_Your task_. Only the lines from the top of the records below through the line containing "Negril Tour from" should be printed, exactly and without pictures.

_Data_.
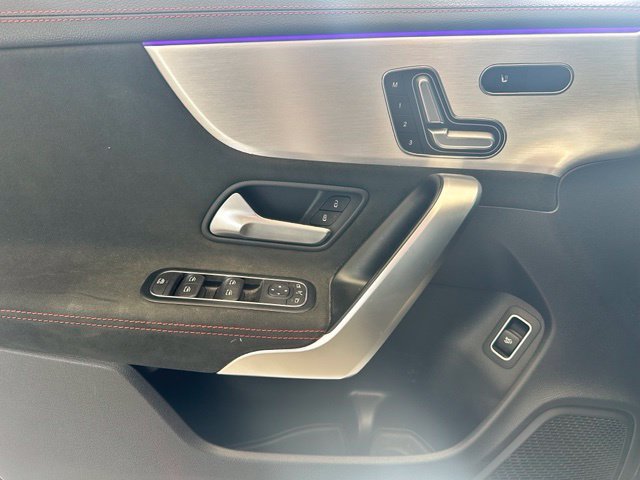 Certified Used 2023  Mercedes-Benz CLA 250 image 10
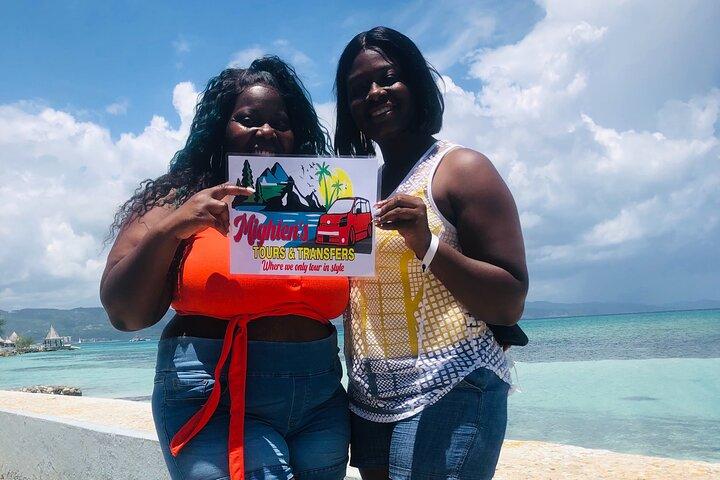 Negril Tour from Montego Bay – Seven Mile Beach & Rick’s Café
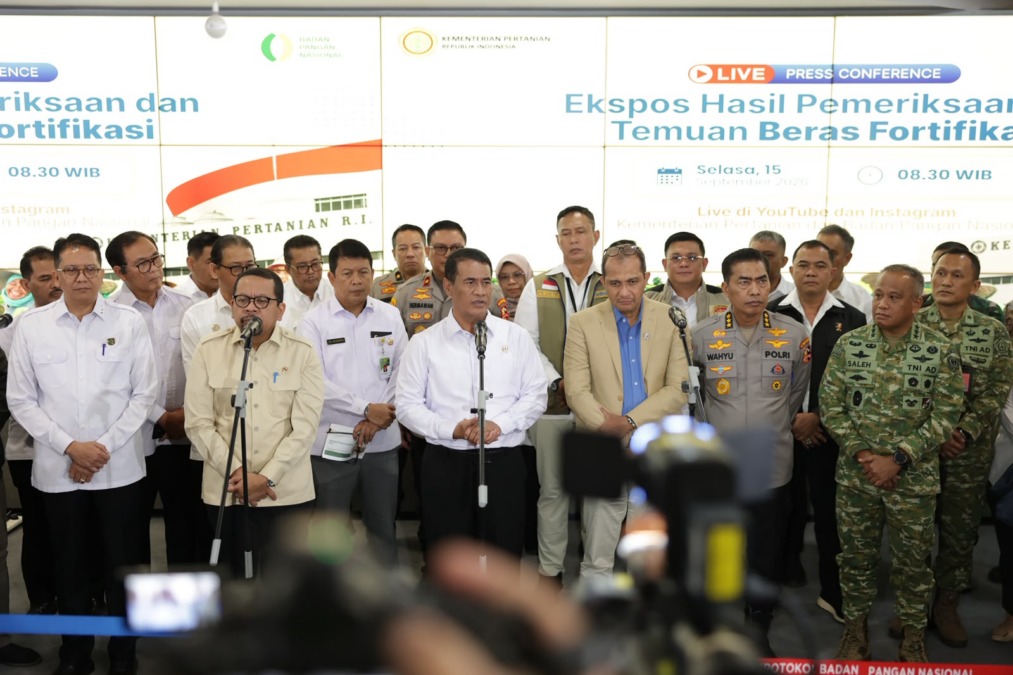 Kementan dan Polri memburu pelaku dugaan beras fortifikasi bermasalah setelah 25 dari 27 merek disebut tak sesuai standar dan merugikan konsumen Rp89 triliun.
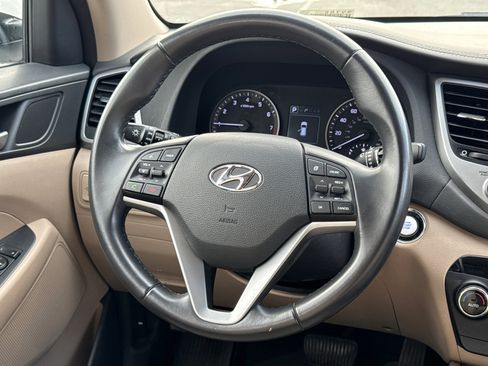 Used 2017 Hyundai Tucson Limited image 24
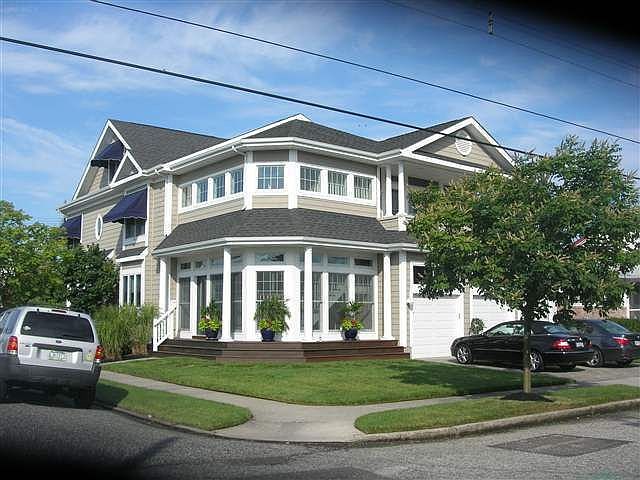 1st image of 1812 Windsor Dr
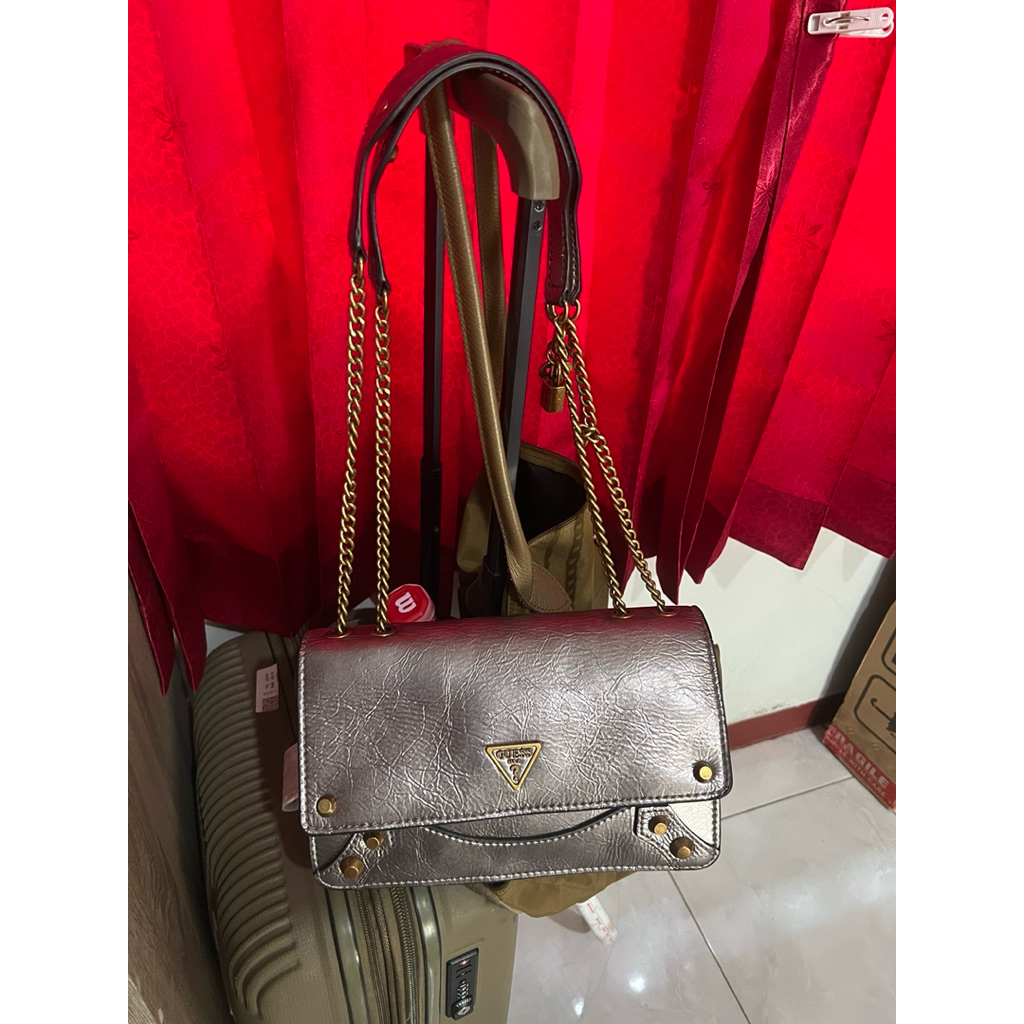 Preloved Guess Amantea tas guess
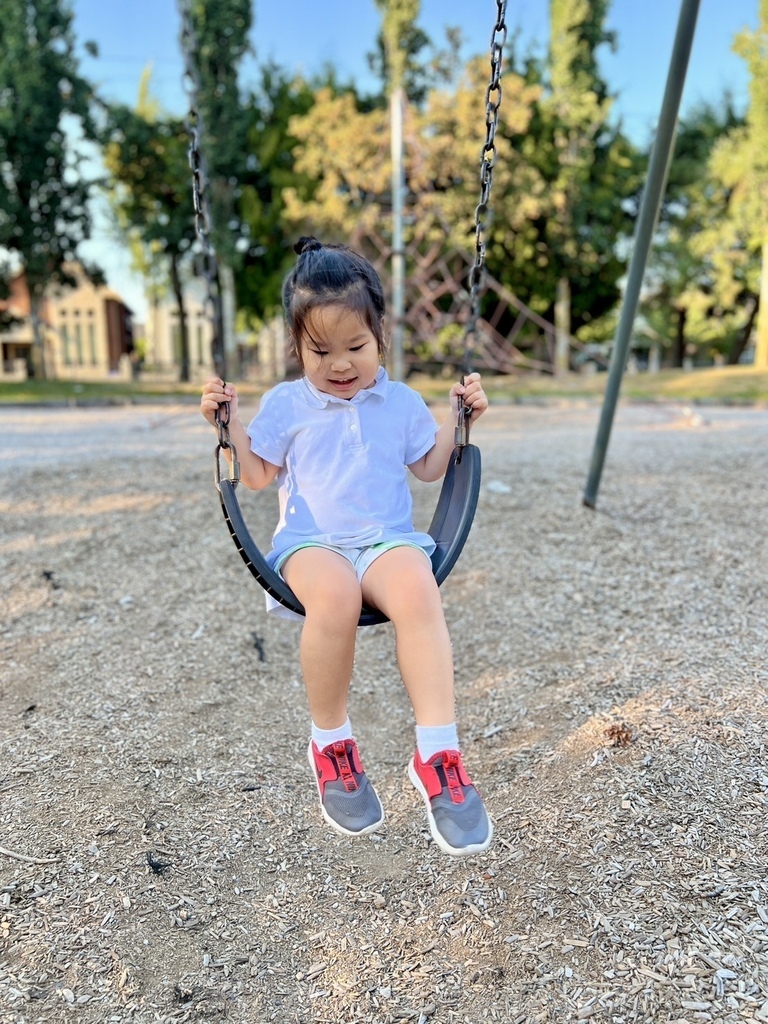 開學了 20250908_180000_Sa_Blundell Neighbourhood Park.JPG 開學了 20250908_180000_Sa_Blundell Neighbourhood Park.JPG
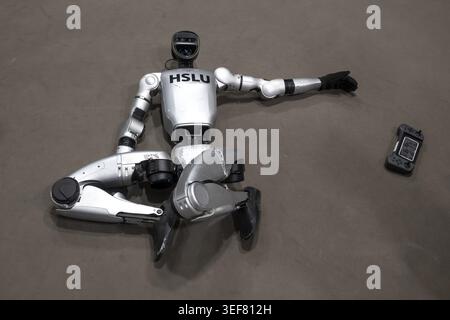 Robot humanoïde au sol, Unitree G1, HSLU, Berne, Suisse Banque D'Images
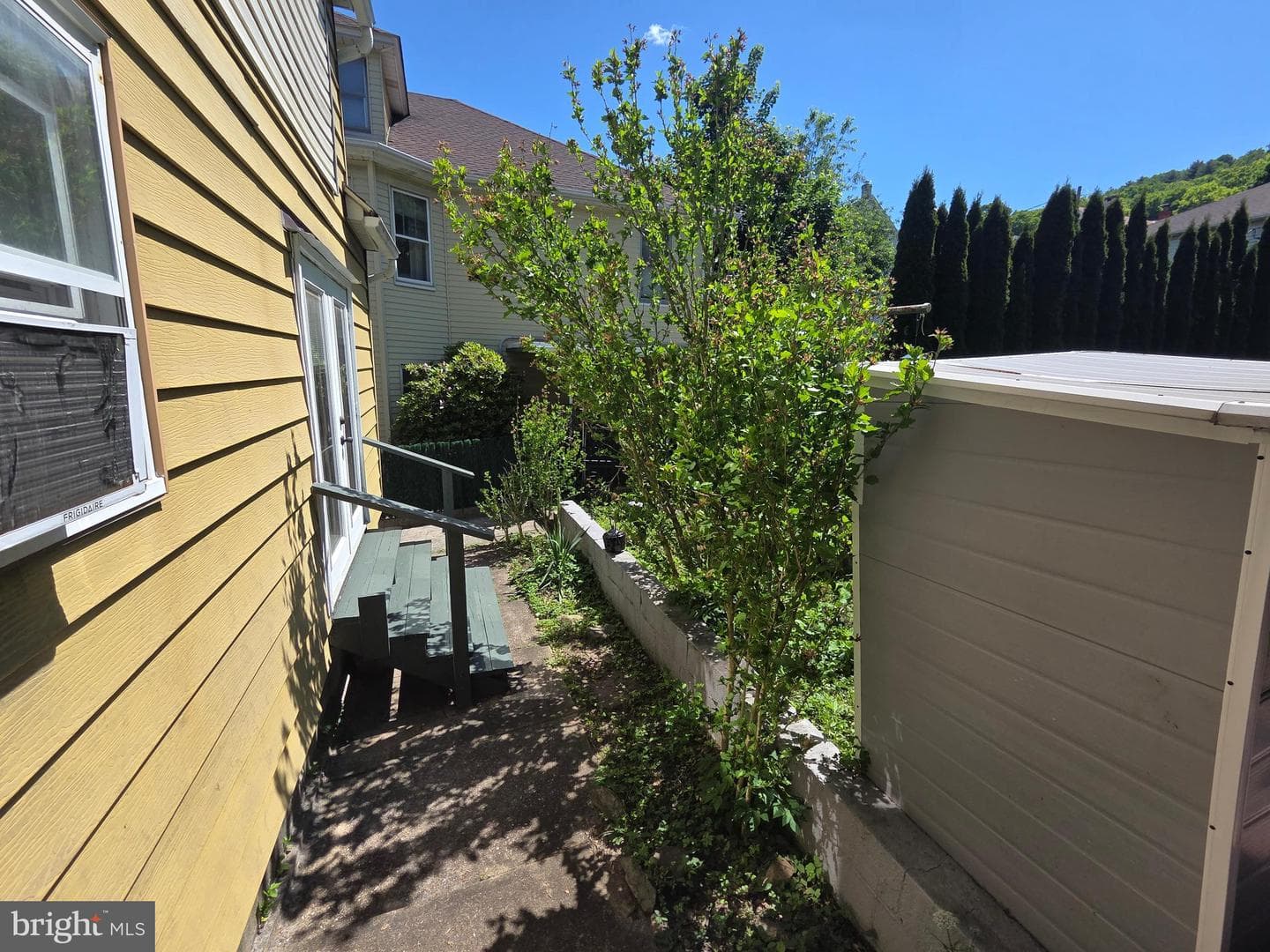 412 W Bertsch Street photo 29
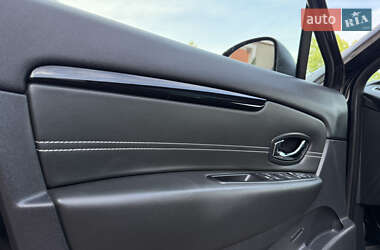 Минивэн Renault Grand Scenic 2014 в 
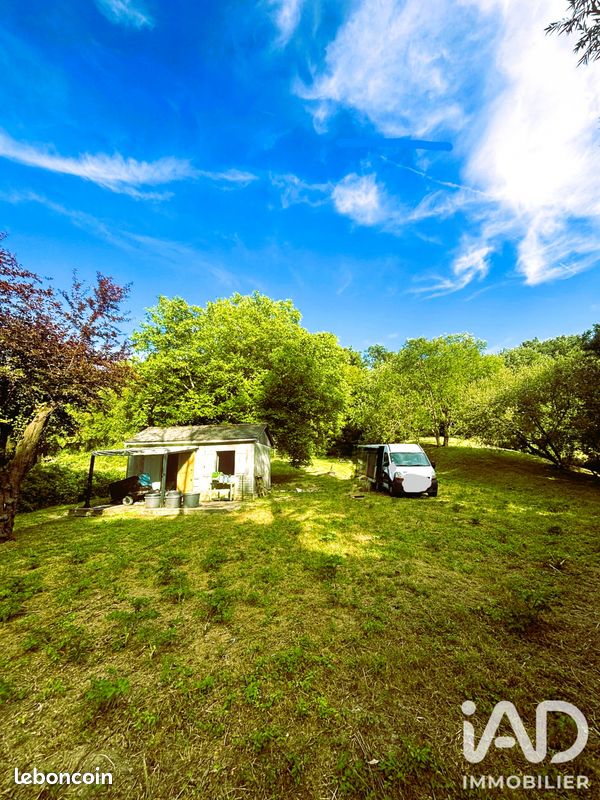 Terrain 1650 m² · à Bossay-sur-Claise · 1 650 m² · 11 000 €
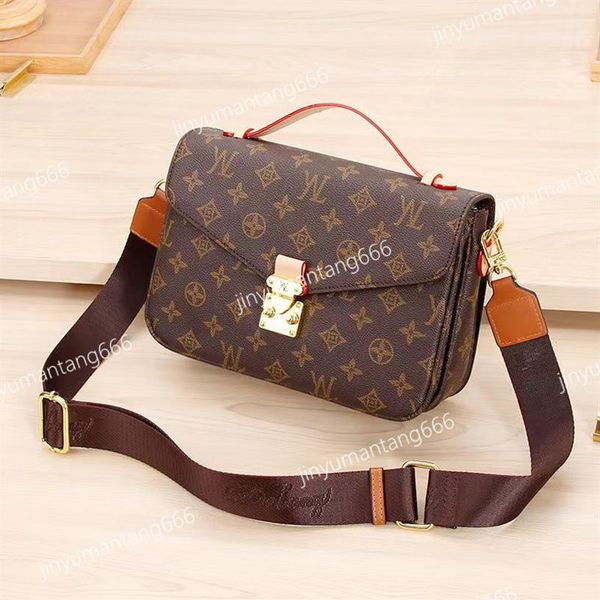 

luxurys bag designers women handbag messenger oxidizing leather elegant shoulder viutonitys bags crossbody shopping tote 2022215f
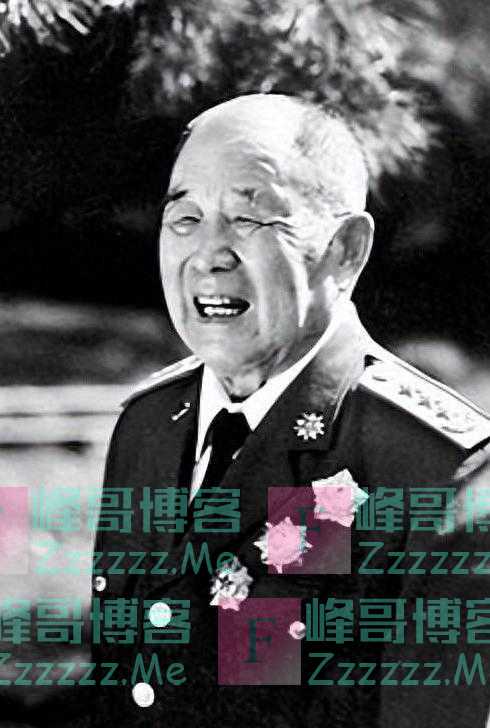 71年李德生主动认错，毛主席怒拍桌：你算谁？李德生却感动落泪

_Exercise response_.
 Certified Used 2023  Mercedes-Benz CLA 250 image 10
 Negril Tour from Montego Bay – Seven Mile Beach & Rick’s Café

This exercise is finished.